Your objective :: Output exactly the lines that run from the start of the records to the line with "8, South Brookfield", counting both ends, and skip the pictures.

── Dataset content

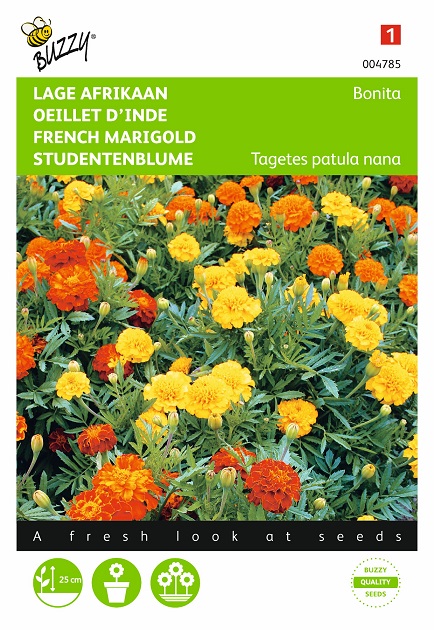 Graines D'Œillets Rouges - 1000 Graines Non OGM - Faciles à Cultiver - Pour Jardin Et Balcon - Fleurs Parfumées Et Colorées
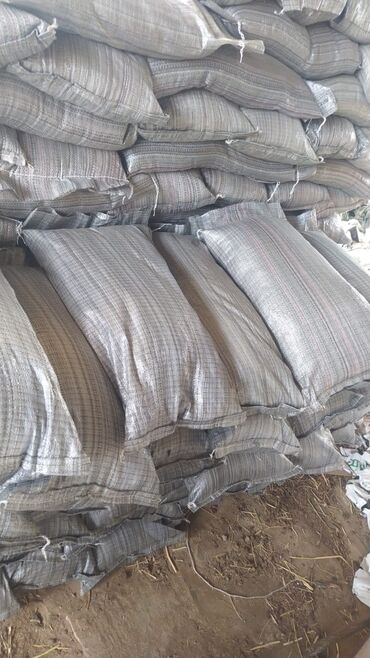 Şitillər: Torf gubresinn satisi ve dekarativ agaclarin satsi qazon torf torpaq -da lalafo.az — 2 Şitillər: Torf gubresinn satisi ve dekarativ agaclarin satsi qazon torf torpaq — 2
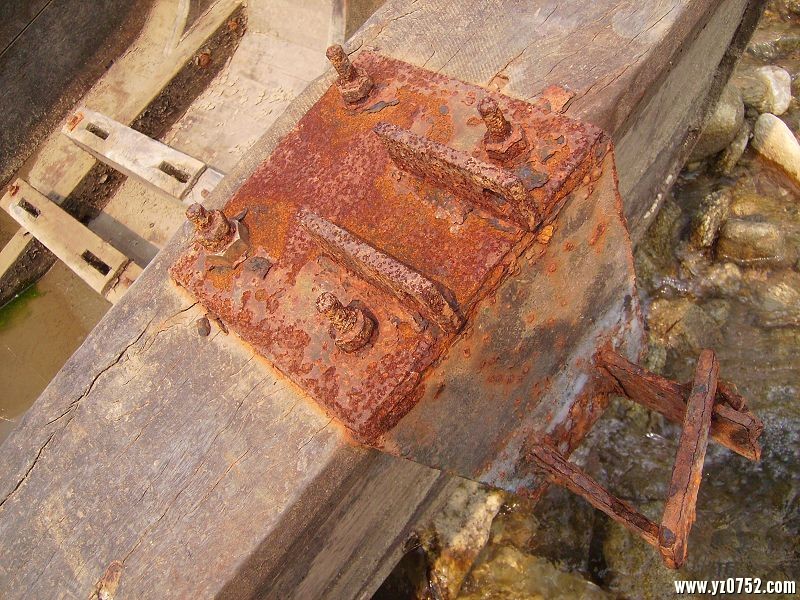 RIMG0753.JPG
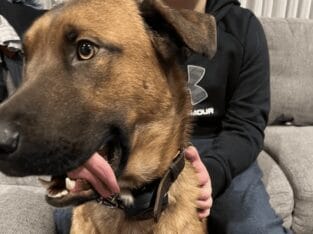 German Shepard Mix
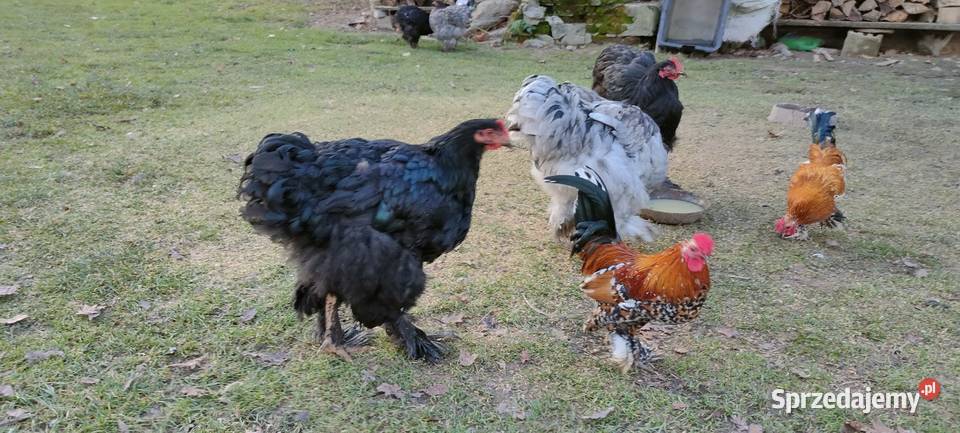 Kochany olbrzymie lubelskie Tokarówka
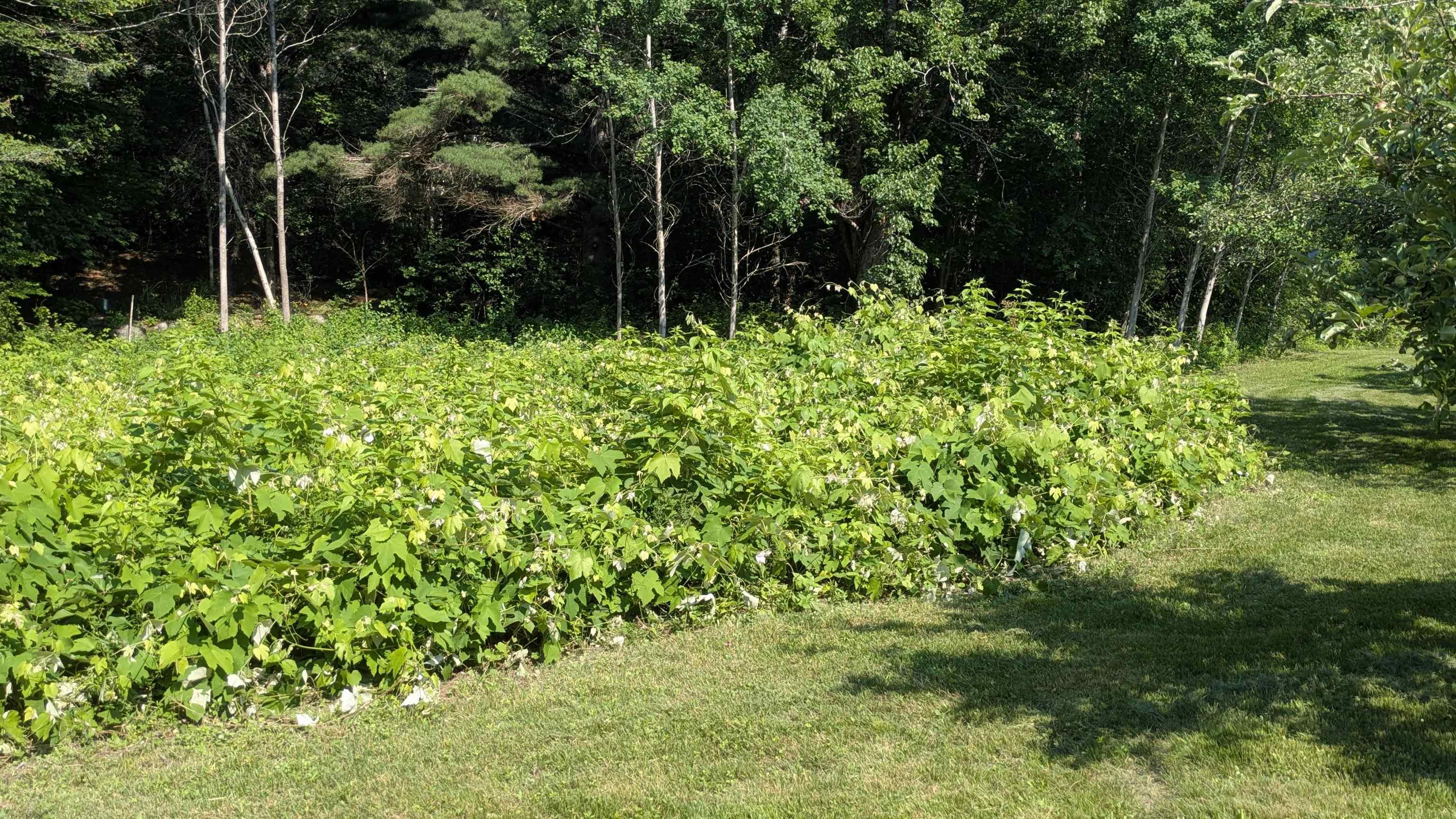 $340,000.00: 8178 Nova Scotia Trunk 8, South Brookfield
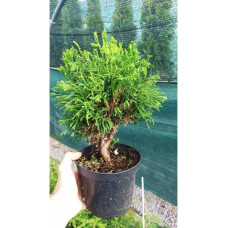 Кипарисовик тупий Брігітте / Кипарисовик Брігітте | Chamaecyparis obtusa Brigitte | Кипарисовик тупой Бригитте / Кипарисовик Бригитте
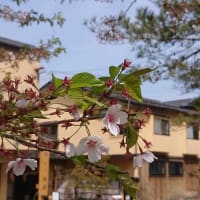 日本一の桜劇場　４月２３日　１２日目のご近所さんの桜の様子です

────

Written answer ::
 Graines D'Œillets Rouges - 1000 Graines Non OGM - Faciles à Cultiver - Pour Jardin Et Balcon - Fleurs Parfumées Et Colorées
 Şitillər: Torf gubresinn satisi ve dekarativ agaclarin satsi qazon torf torpaq -da lalafo.az — 2 Şitillər: Torf gubresinn satisi ve dekarativ agaclarin satsi qazon torf torpaq — 2
 RIMG0753.JPG
 German Shepard Mix
 Kochany olbrzymie lubelskie Tokarówka
 $340,000.00: 8178 Nova Scotia Trunk 8, South Brookfield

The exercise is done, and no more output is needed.